Not that you'll have to qualify the root type of the ADT with the module name since the name will otherwise clash with the start symbol of your grammar.

Exercise (optional): make a dedicated implode module which hides this complexity, so that you can just use implode(pt) without specifying the types.

From now on, we will work with AST values primarily.

Quiz: what are source code transformations where ASTs are cumbersome to use?

Simple source to source transformation

Consider the following paragraph in Fowler's text:

In particular, you should note that reset events aren't strictly necessary to express Miss Grant's controller. As an alternative, I could just add a transition to every state, triggered by doorOpened, leading to the idle state. The notion of a reset event is useful because it simplifies the diagram.

What this means is, that it is possible to construct an equivalent state machine that does not depend on reset events. In other words, the resetEvents feature of the state machine language is syntactic sugar. In this assignment you are to write a transformation that desugars reset events according to the quote above.

Tip: use the Rascal visit construct to transform the state machine AST.

Quiz: could you implement the inverse transformation (i.e. resugaring of resetEvents)?

Fact extraction

For some applications, especially source code analyses, the tree structure of the AST is not ideal. In this assignment you will write a function that extracts a relational abstraction of state machines. Relations are natural representations for graphs. And a state machine can be considered as a special kind of graph.

In order to connect the resulting analysis to the state machine visualizer, we use the following types as interfaces:

 alias TransRel = rel[str from, str token, str to]
 alias ActionRel = rel[str state, str token]

The first relation captures the transition structure of a state machine: it contains tuples <s, t, s'>, where s is the source state, t the triggering token, and s' the target state. The second relation captures which tokens should be output upon entering a certain state. Note that both relations use tokens and not the names of events or actions. This means that in your extraction you should take care of looking up event/command names to find the associated tokens.

NB: You may assume that reset events have been desugared as in the previous step.

Quiz: what is the difference between a binary relation and a map?

Visualizing a state machine

The relations of the previous assignment are an abstract representation of a state machine. This provides excellent input to graphically visualizing a state machine. The provided Rascal project contains a module to visualize state machines. You visualize a state machine by providing the relations of the previous assignment to the visualizer as follows. Import the module ShowStateMachine and then call the function:

 void stateMachineVis(TransRel trans, ActionRel arel, str init)

supplying it with the two relations of the previous exercise and the initial state.

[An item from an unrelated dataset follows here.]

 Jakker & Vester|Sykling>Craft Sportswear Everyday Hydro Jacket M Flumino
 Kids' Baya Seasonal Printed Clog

In the visualization there are buttons for each event. You can click on them to interactively simulate the execution of the state machine. To do this, the visualizer uses a step function based on the transition relation. This step function could be defined as follows:

 public tuple[str state, list[str] output] step(str s1, str token, 
                TransRel trans, ActionRel actions) {
    if (<s1, token, s2> <- trans) {
       return <s2, [ a | <s2, a> <- actions ]>;
    }
    return <s1, []>;
 }

Exercise (optional): write an interpreter for state machines based on this step function. This function should take a list of tokens and return a tuple of a final state and a list of output tokens.

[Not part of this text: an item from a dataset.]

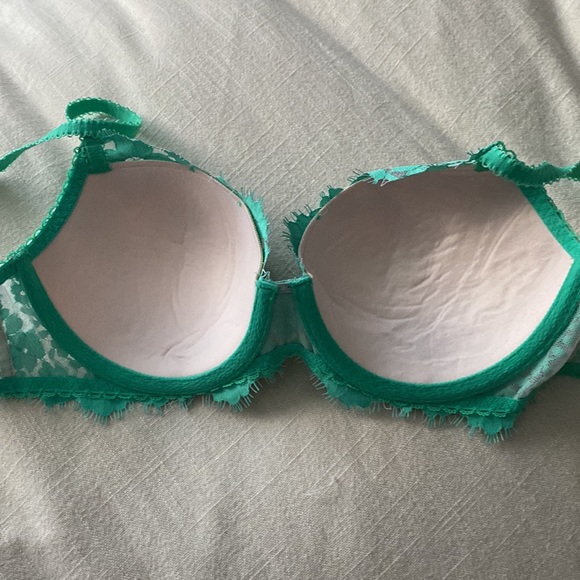 VS balconette bra - Picture 4 of 4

Well-formedness checking of state machines

Many programming languages have type checkers. In the case of state machines, there isn't really a notion of types. Nevertheless, it is still possible to make mistakes. In this assignment the goal is to make a checker function that detects such mistakes. This function will return a collection of error or warning messages. The data type to be used for this can be found in the standard library module Message.

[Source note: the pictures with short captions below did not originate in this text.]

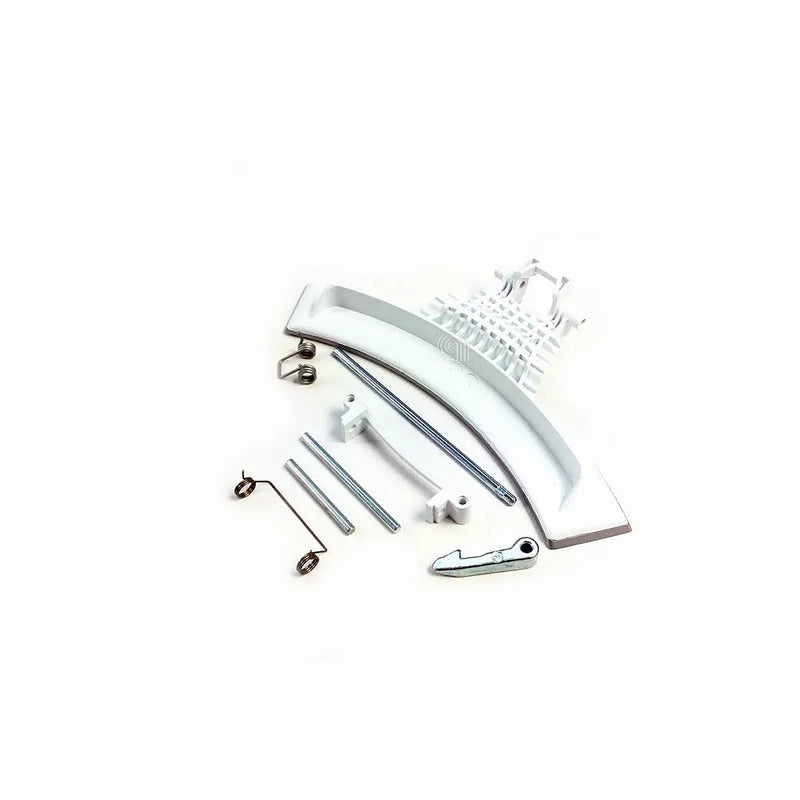 Set manilla puerta original secadora Electrolux 4055197935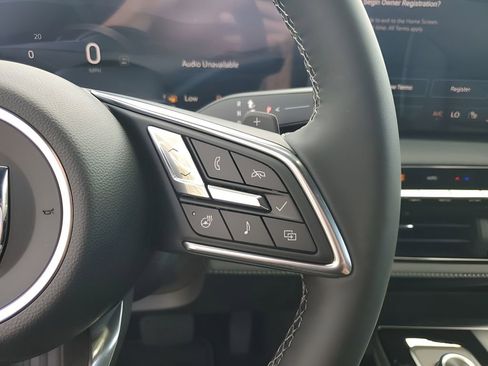 New 2026 Buick Enclave Sport Touring w/ Power Package image 35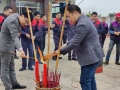 2022年新春快樂！虎年大吉！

The list of things you could check for includes (but might not be limited by) the following:

Duplicate definitions of events/commands and their tokens.
Duplicate state definitions.
Reset events that are used in a transition.
Non-determinism (two transitions from the same state that fire on the same token).
Undeclared reset events, actions, events or states.
Unreachable states.
Unused commands or events.

The Message data type accepts source locations. They can be retrieved from AST nodes if you add an annotation declarations to your AST module for each ADT type:

anno loc <ADT type>@location;

Now you can obtain an AST node's source location using the aNode@location notation. The locations in the Message data type are used by the IDE to do error marking.

Note: you may put the facts you've extracted from the previous assignment to good use in some of the analyses that the checker performs.

Tip: for reachability analysis use the built-in Rascal operator for transitive closure (post-fix +).

Connecting the checker to the IDE

To hook up your checker to the IDE you have to add the following line to main in Plugin.rsc:

registerAnnotator("Controller", check);

The check function (which you'll have to provide), is expected to take a concrete parse tree and return an annotated parse tree. Concrete parse trees can be annotated with a set of Messages. In the check function you'll have to invoke your checker, get the collection of error message, and annotate the parse tree with it. You can annotate a tree using x[@a=v], where x is the tree, a is the annotation name and v is the annotated value.

Code-generation to Java

State machines have to be executed in code somehow. One approach is to generate (Java) code. In this assignment you are to write a function that generates Java code using Rascal's built-in string templates. String templates are string literals with advanced mechanisms for interpolation:

Expression interpolation: "Hello <name>!"
For loop interpolation: "abc<for (x <- ["c", "d", "e"]) {><x><}>fgh"
If statement interpolation: "abc<if (x > 0) {><x><} else {><x + 1><}>"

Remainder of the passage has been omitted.